Required action –
From the entries below, please output exactly the lines starting at the one containing "Mil-spec Monkey Naszywka..." and ending at the one containing "Tip for Small", both included.

■ ■ ■ ■

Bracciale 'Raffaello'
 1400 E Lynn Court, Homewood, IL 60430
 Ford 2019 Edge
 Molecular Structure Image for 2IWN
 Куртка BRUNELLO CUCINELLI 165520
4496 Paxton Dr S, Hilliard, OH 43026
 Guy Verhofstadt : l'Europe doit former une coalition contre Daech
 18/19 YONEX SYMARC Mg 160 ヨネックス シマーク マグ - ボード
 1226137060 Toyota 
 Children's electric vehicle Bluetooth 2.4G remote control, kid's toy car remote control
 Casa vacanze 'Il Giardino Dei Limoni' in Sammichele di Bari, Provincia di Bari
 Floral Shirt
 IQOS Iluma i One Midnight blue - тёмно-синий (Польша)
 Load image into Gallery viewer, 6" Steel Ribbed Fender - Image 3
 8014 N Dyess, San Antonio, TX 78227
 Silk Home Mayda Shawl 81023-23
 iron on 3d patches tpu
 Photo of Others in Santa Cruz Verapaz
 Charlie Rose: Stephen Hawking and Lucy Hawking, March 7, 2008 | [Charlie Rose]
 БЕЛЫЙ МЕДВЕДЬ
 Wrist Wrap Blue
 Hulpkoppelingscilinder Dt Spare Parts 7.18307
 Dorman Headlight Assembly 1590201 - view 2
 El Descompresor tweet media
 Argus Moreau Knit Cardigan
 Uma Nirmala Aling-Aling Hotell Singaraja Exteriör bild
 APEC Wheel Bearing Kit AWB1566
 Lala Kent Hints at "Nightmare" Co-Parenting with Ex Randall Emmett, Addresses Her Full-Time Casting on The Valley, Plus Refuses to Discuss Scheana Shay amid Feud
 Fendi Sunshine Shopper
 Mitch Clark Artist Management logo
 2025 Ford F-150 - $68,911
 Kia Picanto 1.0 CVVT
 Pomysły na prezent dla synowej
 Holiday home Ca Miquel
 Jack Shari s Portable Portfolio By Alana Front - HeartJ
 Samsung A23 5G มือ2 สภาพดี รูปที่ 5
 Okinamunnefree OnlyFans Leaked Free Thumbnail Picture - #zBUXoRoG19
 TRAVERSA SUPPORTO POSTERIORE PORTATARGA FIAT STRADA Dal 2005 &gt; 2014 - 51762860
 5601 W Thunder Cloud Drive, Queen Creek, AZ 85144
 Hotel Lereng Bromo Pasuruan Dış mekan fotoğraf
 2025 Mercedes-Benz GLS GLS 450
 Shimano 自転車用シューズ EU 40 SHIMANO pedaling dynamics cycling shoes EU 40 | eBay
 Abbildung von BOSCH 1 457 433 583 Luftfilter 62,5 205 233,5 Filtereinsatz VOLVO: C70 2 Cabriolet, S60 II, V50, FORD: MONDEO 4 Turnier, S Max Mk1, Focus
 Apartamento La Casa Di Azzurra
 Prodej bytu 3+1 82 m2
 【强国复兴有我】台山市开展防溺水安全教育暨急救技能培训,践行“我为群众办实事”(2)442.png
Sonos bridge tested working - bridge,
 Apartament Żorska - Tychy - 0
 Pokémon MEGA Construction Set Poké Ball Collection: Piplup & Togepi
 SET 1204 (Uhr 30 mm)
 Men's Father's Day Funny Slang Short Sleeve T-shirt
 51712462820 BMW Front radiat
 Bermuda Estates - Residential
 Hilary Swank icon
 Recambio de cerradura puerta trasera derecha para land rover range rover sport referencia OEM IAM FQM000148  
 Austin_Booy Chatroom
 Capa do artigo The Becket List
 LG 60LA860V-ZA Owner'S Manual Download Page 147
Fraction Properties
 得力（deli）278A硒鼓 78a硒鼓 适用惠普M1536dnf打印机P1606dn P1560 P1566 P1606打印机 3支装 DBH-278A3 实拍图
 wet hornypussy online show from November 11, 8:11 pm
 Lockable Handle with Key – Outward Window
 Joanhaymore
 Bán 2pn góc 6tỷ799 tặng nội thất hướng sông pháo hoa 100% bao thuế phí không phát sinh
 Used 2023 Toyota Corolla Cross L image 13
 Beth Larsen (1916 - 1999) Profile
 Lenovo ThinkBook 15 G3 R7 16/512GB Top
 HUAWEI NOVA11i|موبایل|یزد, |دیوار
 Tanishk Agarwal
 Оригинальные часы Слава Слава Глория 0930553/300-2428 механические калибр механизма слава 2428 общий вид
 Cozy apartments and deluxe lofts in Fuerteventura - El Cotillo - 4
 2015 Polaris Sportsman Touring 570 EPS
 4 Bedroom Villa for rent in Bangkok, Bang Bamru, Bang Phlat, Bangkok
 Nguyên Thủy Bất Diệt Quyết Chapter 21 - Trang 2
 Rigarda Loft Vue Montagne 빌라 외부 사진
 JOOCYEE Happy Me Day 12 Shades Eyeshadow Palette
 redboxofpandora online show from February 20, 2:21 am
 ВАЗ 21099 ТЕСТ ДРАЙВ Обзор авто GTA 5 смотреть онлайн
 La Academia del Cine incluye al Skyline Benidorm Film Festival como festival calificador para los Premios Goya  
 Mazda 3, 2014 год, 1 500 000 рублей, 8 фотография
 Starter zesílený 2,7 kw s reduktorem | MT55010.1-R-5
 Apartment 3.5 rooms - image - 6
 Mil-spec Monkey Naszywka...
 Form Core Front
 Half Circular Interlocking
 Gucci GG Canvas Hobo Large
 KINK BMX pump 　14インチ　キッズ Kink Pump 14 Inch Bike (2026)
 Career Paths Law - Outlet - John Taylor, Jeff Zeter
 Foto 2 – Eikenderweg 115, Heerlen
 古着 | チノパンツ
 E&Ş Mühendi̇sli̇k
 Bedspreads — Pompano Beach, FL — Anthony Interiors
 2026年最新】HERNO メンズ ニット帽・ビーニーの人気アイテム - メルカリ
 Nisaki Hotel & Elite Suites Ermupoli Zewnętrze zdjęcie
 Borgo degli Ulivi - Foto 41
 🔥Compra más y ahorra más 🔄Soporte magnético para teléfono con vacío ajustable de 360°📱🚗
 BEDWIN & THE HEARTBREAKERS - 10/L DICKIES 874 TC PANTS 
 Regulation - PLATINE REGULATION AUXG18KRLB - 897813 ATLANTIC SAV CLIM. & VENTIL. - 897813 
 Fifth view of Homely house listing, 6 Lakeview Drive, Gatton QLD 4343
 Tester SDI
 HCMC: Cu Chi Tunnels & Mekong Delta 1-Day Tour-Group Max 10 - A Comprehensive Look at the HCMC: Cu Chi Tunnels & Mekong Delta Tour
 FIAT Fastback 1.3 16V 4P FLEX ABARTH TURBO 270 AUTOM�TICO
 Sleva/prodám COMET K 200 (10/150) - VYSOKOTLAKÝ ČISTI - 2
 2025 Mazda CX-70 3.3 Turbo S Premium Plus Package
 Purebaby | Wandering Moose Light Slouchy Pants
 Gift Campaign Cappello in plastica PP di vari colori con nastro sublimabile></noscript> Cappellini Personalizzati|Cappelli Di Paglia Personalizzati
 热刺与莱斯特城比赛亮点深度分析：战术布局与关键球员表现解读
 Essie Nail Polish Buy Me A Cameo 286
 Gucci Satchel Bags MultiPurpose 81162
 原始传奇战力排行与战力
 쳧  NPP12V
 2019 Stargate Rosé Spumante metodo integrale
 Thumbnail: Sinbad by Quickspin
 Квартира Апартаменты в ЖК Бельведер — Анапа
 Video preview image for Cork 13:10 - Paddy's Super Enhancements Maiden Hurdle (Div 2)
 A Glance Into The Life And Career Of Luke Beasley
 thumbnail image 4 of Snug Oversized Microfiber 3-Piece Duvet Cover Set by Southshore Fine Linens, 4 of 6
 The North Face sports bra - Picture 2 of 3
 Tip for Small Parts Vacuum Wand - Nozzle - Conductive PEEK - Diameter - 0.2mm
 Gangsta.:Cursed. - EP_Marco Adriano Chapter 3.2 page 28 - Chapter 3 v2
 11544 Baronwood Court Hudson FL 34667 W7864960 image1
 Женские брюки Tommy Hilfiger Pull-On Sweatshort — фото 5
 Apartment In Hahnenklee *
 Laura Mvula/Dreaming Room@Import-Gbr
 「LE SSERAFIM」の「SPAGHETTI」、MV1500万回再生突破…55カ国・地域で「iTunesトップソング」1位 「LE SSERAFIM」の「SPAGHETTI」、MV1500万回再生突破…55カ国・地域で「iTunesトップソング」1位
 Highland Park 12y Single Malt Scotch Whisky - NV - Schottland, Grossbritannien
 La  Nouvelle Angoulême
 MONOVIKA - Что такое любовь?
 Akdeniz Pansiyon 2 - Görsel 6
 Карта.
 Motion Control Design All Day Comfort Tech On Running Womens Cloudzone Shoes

■ ■ ■ ■

Exercise solution –
 Mil-spec Monkey Naszywka...
 Form Core Front
 Half Circular Interlocking
 Gucci GG Canvas Hobo Large
 KINK BMX pump 　14インチ　キッズ Kink Pump 14 Inch Bike (2026)
 Career Paths Law - Outlet - John Taylor, Jeff Zeter
 Foto 2 – Eikenderweg 115, Heerlen
 古着 | チノパンツ
 E&Ş Mühendi̇sli̇k
 Bedspreads — Pompano Beach, FL — Anthony Interiors
 2026年最新】HERNO メンズ ニット帽・ビーニーの人気アイテム - メルカリ
 Nisaki Hotel & Elite Suites Ermupoli Zewnętrze zdjęcie
 Borgo degli Ulivi - Foto 41
 🔥Compra más y ahorra más 🔄Soporte magnético para teléfono con vacío ajustable de 360°📱🚗
 BEDWIN & THE HEARTBREAKERS - 10/L DICKIES 874 TC PANTS 
 Regulation - PLATINE REGULATION AUXG18KRLB - 897813 ATLANTIC SAV CLIM. & VENTIL. - 897813 
 Fifth view of Homely house listing, 6 Lakeview Drive, Gatton QLD 4343
 Tester SDI
 HCMC: Cu Chi Tunnels & Mekong Delta 1-Day Tour-Group Max 10 - A Comprehensive Look at the HCMC: Cu Chi Tunnels & Mekong Delta Tour
 FIAT Fastback 1.3 16V 4P FLEX ABARTH TURBO 270 AUTOM�TICO
 Sleva/prodám COMET K 200 (10/150) - VYSOKOTLAKÝ ČISTI - 2
 2025 Mazda CX-70 3.3 Turbo S Premium Plus Package
 Purebaby | Wandering Moose Light Slouchy Pants
 Gift Campaign Cappello in plastica PP di vari colori con nastro sublimabile></noscript> Cappellini Personalizzati|Cappelli Di Paglia Personalizzati
 热刺与莱斯特城比赛亮点深度分析：战术布局与关键球员表现解读
 Essie Nail Polish Buy Me A Cameo 286
 Gucci Satchel Bags MultiPurpose 81162
 原始传奇战力排行与战力
 쳧  NPP12V
 2019 Stargate Rosé Spumante metodo integrale
 Thumbnail: Sinbad by Quickspin
 Квартира Апартаменты в ЖК Бельведер — Анапа
 Video preview image for Cork 13:10 - Paddy's Super Enhancements Maiden Hurdle (Div 2)
 A Glance Into The Life And Career Of Luke Beasley
 thumbnail image 4 of Snug Oversized Microfiber 3-Piece Duvet Cover Set by Southshore Fine Linens, 4 of 6
 The North Face sports bra - Picture 2 of 3
 Tip for Small Parts Vacuum Wand - Nozzle - Conductive PEEK - Diameter - 0.2mm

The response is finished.